D’ailleurs, la dureté des positions gouvernementales lors des débats s’est retrouvée sur de nombreux thèmes (application du nouveau régime aux communautés d’agglomérations, étendue dans le temps du droit d’opposition à l’intercommunalisation…) avec cependant quelques exceptions (régies ; eaux pluviales ; sorties de syndicats) qui donnent lieu à quelques réjouissances et pas mal de frustrations pour divers acteurs locaux.

 

I. Droit d’opposition (non sans limites dans le temps) pour les seules communes membres de communautés de communes

 

IA. principe de ce droit d’opposition

 

L’article 1er de cette loi, d’ailleurs significativement non codifié (mais voir aussi l’article 4 de ladite loi), permet aux communes membres d’une communauté de communes de s’opposer à l’intercommunalisation de la compétence eau ou assainissement.

Cette faculté s’applique à celles des communautés de communes qui n’exercent pas, à la date de la publication de la loi, déjà cette compétence.

Le régime peut alors être ainsi décrit :

  • par défaut l’intercommunalisation de ces deux compétences (alimentation en eau potable [AEP], d’une part, et assainissement y compris le SPANC, d’autre part) s’applique au premier janvier 2020
  • MAIS il est possible de s’opposer à ce transfert obligatoire pour l’une et/ou l’autre de ces compétences sous deux conditions :
    1. que ladite compétence ne soit pas à ce jour exercée par la communauté (voir cependant ci-dessous « IB »)
    2. qu’avant le 1er juillet 2019, au moins 25 % des communes membres de la communauté de communes représentant au moins 20 % de la population délibèrent en ce sens.

 

IB. Un droit d’opposition quintuplement limité.

 

Ce droit d’opposition est cependant limité : pas moins de cinq éléments réduisent ce nouveau régime, en droit comme en pratique.

En premier lieu, il ne s’applique :

  • pas, en dépit de joutes parlementaires conséquentes, aux communautés d’agglomération
  • ni, naturellement, aux communautés urbaines, ni aux métropoles, qui ont déjà cette compétence, sous la réserve très discutée de la Métropole du Grand Paris — MGP — où l’intercommunalisation de cette compétence concerne, à ce jour en tous cas, les établissements publics territoriaux — EPT — qui en quelque sorte la composent ou, plus exactement, la subdivisent… point qui a d’ailleurs donné lieu à des critiques répétées des juridictions financières, dont le présent blog s’est fait l’écho… l’architecture de la MGP devrait cela dit évoluer d’ici à 2020 de toute manière).

 

En deuxième lieu, et ce sujet fut également fort débattu (avec des positions assez dures de l’AMF et de l’AMRF), ce report n’est pas reportable d’un mandat sur l’autre (il en va autrement que pour le régime qui pourtant servit de modèle en ce domaine, à savoir le régime du PLUI…).

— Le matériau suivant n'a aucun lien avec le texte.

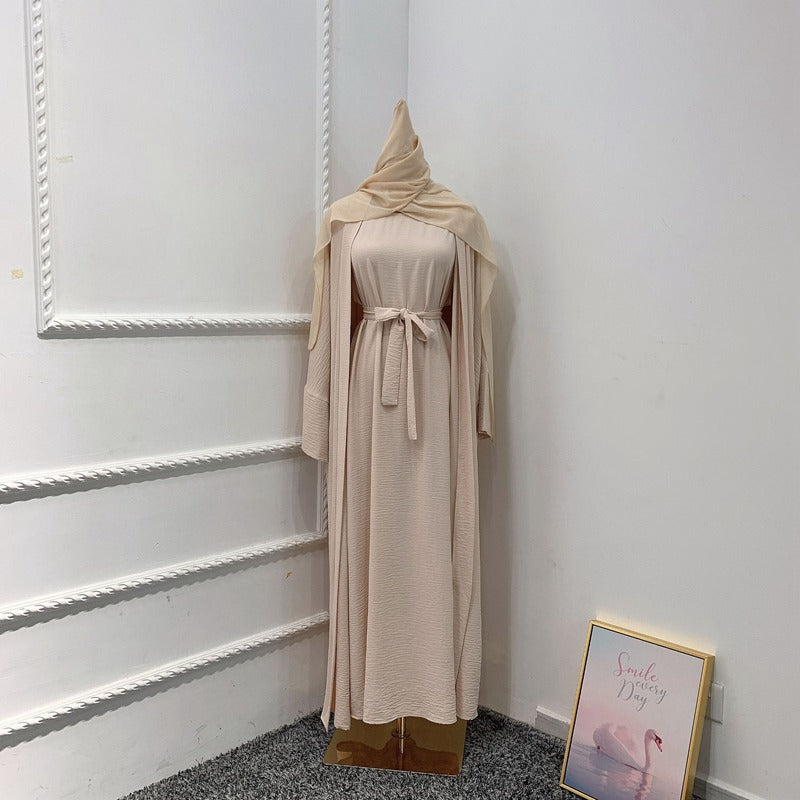 Ensemble 3 pièces pour femme arabe, robe abaya, sans abaya, robe intérieure et foulard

Au plus tard, le transfert de compétences prend effet le 1er janvier 2026.

 

En troisième lieu, les communautés de communes qui veulent rester sous le régime de la DGF bonifiée devront, au plus tard avant le 1er janvier 2020, s’adapter à un nombre accru de compétences minimales (art. L. 5214-23-1 du CGCT) pour continuer de relever de ce régime juridique et financier.

D’ores et déjà, nous constatons que la grande majorité de nos (nombreux) clients qui sont dans cette situation continuent de plancher sur une intercommunalisation de ces compétences au premier janvier 2020 afin de ne pas avoir à travailler sur des transferts d’autres compétences plus problématiques encore…

 

En quatrième lieu, à tout moment, entre 2020 et 2026, la communauté de communes pourra envisager de se doter de la compétence correspondante ou des compétences correspondantes, avec alors de nouveau un droit d’opposition des communes (ce qui fait une sorte de session de rattrapage après les élections de 2020 !) :

« Si, après le 1er janvier 2020, une communauté de communes n’exerce pas les compétences relatives à l’eau et à l’assainissement ou l’une d’entre elles, l’organe délibérant de la communauté de communes peut également, à tout moment, se prononcer par un vote sur l’exercice de plein droit d’une ou de ces compétences par la communauté. Les communes membres peuvent toutefois s’opposer à cette délibération, dans les trois mois, dans les conditions prévues au premier alinéa. »

 

En cinquième et dernier lieu, cette dérogation à l’intercommunalisation ne s’applique pas si la communauté exerce déjà un fragment de la compétence correspondante, non sans nuances à cette règle :

  • peu importe alors que la compétence figure dans les statuts dans les compétences « optionnelles » ou « facultatives », et ce aux termes exprès de la loi
  • la loi précise qu’il est possible de ne pas transférer tout l’assainissement même si à ce jour la communauté exerce « de manière facultative » à la date de publication de la loi uniquement les missions relatives au service public d’assainissement non collectif (SPANC) au sens du III de l’article L. 2224-8 du CGCT. En ce cas:
    • la loi précise que :
    • « le transfert intégral de la compétence assainissement n’a pas lieu et l’exercice intercommunal des missions relatives au service public d’assainissement non collectif se poursuit dans les conditions prévues au premier alinéa du présent article.»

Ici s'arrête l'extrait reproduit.